Back to your first sentence in the OP, “Slow play is going to kill high-level bridge”.

You need to better define, “high-level Bridge”.

I think we need to separate the arguments into Pairs, Swiss, KO.

Let's take Regional events. I'll use Gatlinburg as the example, lots of events.

It is rare for a KO match to go beyond regulation time. I know because we sometimes pre-sell to the losers for the next event; you can see from the empty tables in the KO area.

I don't know much about Pairs games in Gatlinburg.

There are some slow players in Swiss events. ACBL has CoC, using proper tools (shameless plug: Bridgescoreplus), the TDs can not only enforce the time penalties, but have documentation to prove that scores were reported late. For the last few years at Gatlinburg, I've brought an atomic clock with me, just to prove the time stamps are “real time” (it also helps if someone wants to buy an entry at 1pm and TD has closed sales). I think once players know that penalties are enforced, they will improve. See previous comment about experience running Swiss with penalties and Board influence on TDs.

Let's take Nationals.

For the main events: Spingold/Vanderbilt; the earlier rounds are generally done in time. One slow pair will only slow up that match. This should be a separate topic from other events.

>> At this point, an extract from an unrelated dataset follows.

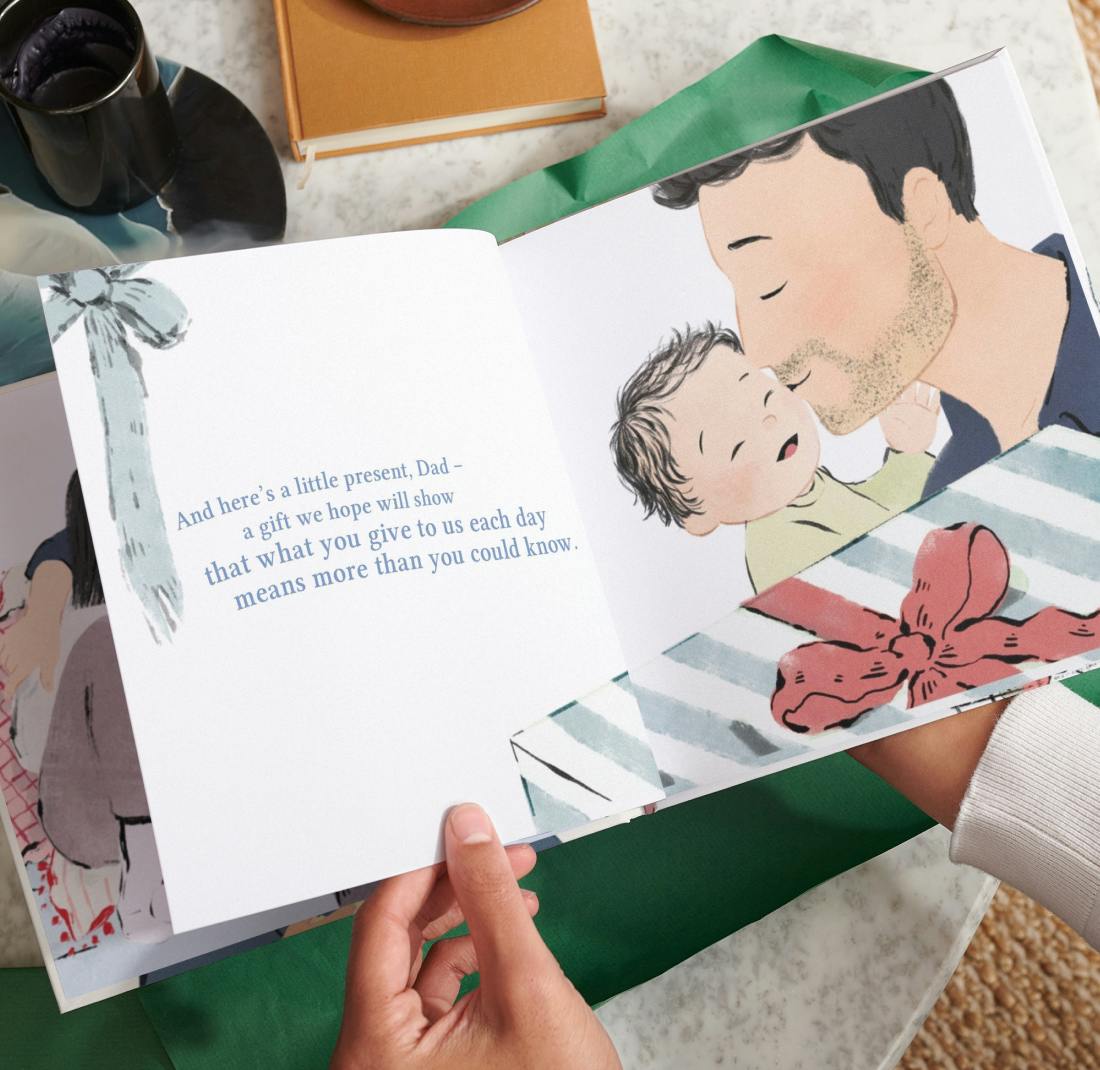 Two hands holding the open personalised book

Reisinger: The first day is not Barometer. Can't remember about second day. Third day is Barometer. I did Vugraph for the last Reisinger. There were some slow players. I don't know if any warnings or not; but I do know that some players were complaining about missing their breaks. With the last day of the Reisinger, you are down to small group of players that are general self-policing. Rather than an entire BW discussion, including many who never will play on the final day, this is probably best done by discussing with those that play at that level.

For the NABC+ pair events: this is where I think the major problem exists. We have a limited amount of time per round; if you are following a slow pair, it is very frustrating. Particularly as you will probably be following them in the second session as well. I've got to the point where I write down the number of minutes left in the round on my scorecard when I follow a slow pair; inevitably there is one round where we are “slow” (we started late), and the TD wants to issue a warning, but nothing is ever done to a “top” pair that is slow.

Fast pairs are generally handled well. All players and TDs know that penalties are issued. One fairness issue would be to have cameras on all tables and players would have the ability to appeal a late play if it can be shown that they were not responsible (slow uncontested auction by opponents taking 5 minutes to 6H).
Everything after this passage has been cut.